2.1. Synthesis of C-TiO₂/rGO

C-TiO₂ was synthesized via a reported one-pot solvothermal process with minor modifications to create nano-sized C-TiO₂.²⁰ Briefly, 2 ml of titanium isopropoxide was mixed with 60 ml of anhydrous acetone. The mixture was stirred at ambient conditions for 30 min and then transferred to a 125 ml Teflon-lined stainless-steel autoclave (Parr Instrument Co.) for heating at 200 °C for 12 h. After synthesis, the white precipitate was separated by centrifugation (2000 × g for 10 min) and washed several times with deionized (DI) water. The precipitate then went through 2 h calcination in a furnace at 200 °C subsequently. Compared to other carbon doping methods, such as exposing TiO₂ to CO₂ or air at high temperatures,^58–63 the one-pot hydrothermal method we employed relied on the aldol condensation reaction between titanium alkoxide and acetone,²⁰ which was reported to lead to high surface area, tunable pore and grain sizes, and high crystallinity elsewhere.⁶⁴

GO was synthesized by the simplified Hummer's method,⁶⁵ which is described in details in ESI.† C-TiO₂/rGO was obtained also via hydrothermal synthesis with a rGO loading ratio of 2%, which was optimized in previous studies.^25,41 Briefly, 10 mg GO was dispersed in a solution of DI water (20 mL) and ethanol (30 mL) by 100 W ultrasonic treatment for 1 h. Then, 0.5 g C-TiO₂ was added to the obtained GO suspension and stirred for another 2 h to get a homogeneous suspension. The suspension was then placed in a 150 mL Teflon sealed autoclave and heated at 120 °C for 3 h to simultaneously achieve the reduction of GO and the deposition of C-TiO₂ on the rGO sheet. Finally, the resulting nanocomposite was purified and separated by filtration (0.2-micron Nylon Millipore filter), followed by rigorous DI water rinsing and air drying at room temperature. rGO was obtained by the same procedure without adding C-TiO₂.

2.2. Characterization

Morphology and size distribution were determined by a Hitachi H-7500 transmission electron microscope (TEM). Hydrodynamic particle size distribution (PSD) and zeta potential were measured by dynamic light scattering (DLS) on a Zetasizer nano ZS instrument (Malvern Instruments, UK). X-ray diffraction (XRD) was recorded for the crystallography using a Philips PW3040 X-ray diffractometer. Surface compositions and crystalline phases were assessed by Fourier transform infrared (FTIR) and Raman Spectrometers. FTIR was performed on a Nicolet Thermo Electron FTIR spectrometer combined with a MIRacle attenuated total reflectance (ATR) platform assembly and a Ge plate, while Raman was carried out with a Thermo Scientific DXR Raman microscope using an argon ion laser excitation (λ = 514.5 nm) at powers of 2–10 mW. The thermal behavior of our composite catalysts with rGO was analyzed by a temperature programmed desorption (TPD) technique on a Micromeritics® AutoChem II 2920 system with a mass spectrometer (SRS QMS200). The UV-vis absorption spectra were obtained using a Thermo scientific Evolution 201 PC spectrophotometer.

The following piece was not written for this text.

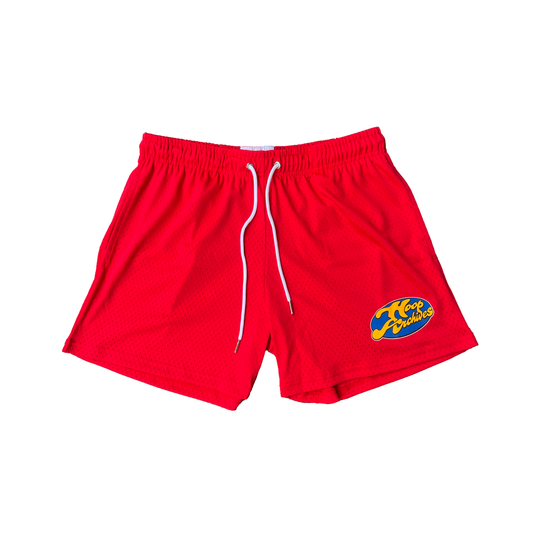 Red Retro Mesh Shorts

2.3. Photocatalytic H₂ production

Photocatalytic reactions were carried out in a 250 mL Pyrex flask reactor, which was sealed with a silicone rubber septum. The visible light irradiation between 400 nm and 690 nm was provided by a 300 W Xe lamp (PerkinElmer, PE300BF). The light intensity at the reaction suspension was maintained at approximately 135 mW cm⁻² (the exposure area was about 7 cm²), measured by a spectroradiometer with a waterproof probe (Spectral Evolution, SR-1100). In the photocatalytic H₂ reactions, the catalyst suspension was made by dispersing 0.066 g of the catalyst (C-TiO₂ or C-TiO₂/rGO) in 200 mL of DI water with methanol as electron donor at an initial concentration of 25% v/v or 197.95 g L⁻¹ (pH = 5.2). The suspension was mixed continuously using a magnetic stirrer. Before exposure to irradiation, the system was purged with N₂ gas for at least 30 min to remove dissolved oxygen. All measurements of produced H₂ concentrations at different irradiation times were performed three times to confirm the significance of the presented data and report the mean values with standard deviation as error bars. The H₂ concentration in gas phase of the overhead space was determined with gas chromatography (Agilent GC-5890) using HP-MS5 column, TCD, and N₂ as the carrier phase. Quantum yield was calculated following the method reported elsewhere.^66–68

In the assessment of longevity, the same photocatalytic reactions were conducted for multiple cycles (a cycle is defined as the period, in which photocatalytic H₂ production started and terminated due to pseudo equilibrium). After each cycle, we used N₂ to purge the suspension at least 30 min to remove the aqueous- and air-phase H₂. Then, the illumination was turned on to resume photocatalytic H₂ production.

3. Results and discussion

3.1. Morphology and particle size distribution

Fig. 1a–c shows the TEM images of rGO, C-TiO₂, and C-TiO₂/rGO. GO and rGO have crumpled layered structures with irregular shapes or sizes (also see Fig. S1† for more pictures of these materials). The energy-dispersive X-ray spectroscopy (EDS) result in Fig. S2† indicated that the mass percentage of carbon dopant in C-TiO₂ was approximately 2.32%. Fig. 1b shows C-TiO₂ nanocrystals aggregated into big clusters. Fig. 1c shows C-TiO₂ nanocrystals were anchored onto the carbon sheet of rGO. Individual particles of C-TiO₂ had 9.1 ± 3.3 nm in diameter determined from TEM images with the size distribution shown in Fig. 1d, which is consistent with the literature.²⁰ Furthermore, the Scherrer's equation was used to compute the crystallite size of C-TiO₂ based on the XRD pattern indexed at (101), (004), (200), and (105). The calculated crystallite sizes ranged from 0.9 nm to 2 nm, indicating C-TiO₂ was likely polycrystalline.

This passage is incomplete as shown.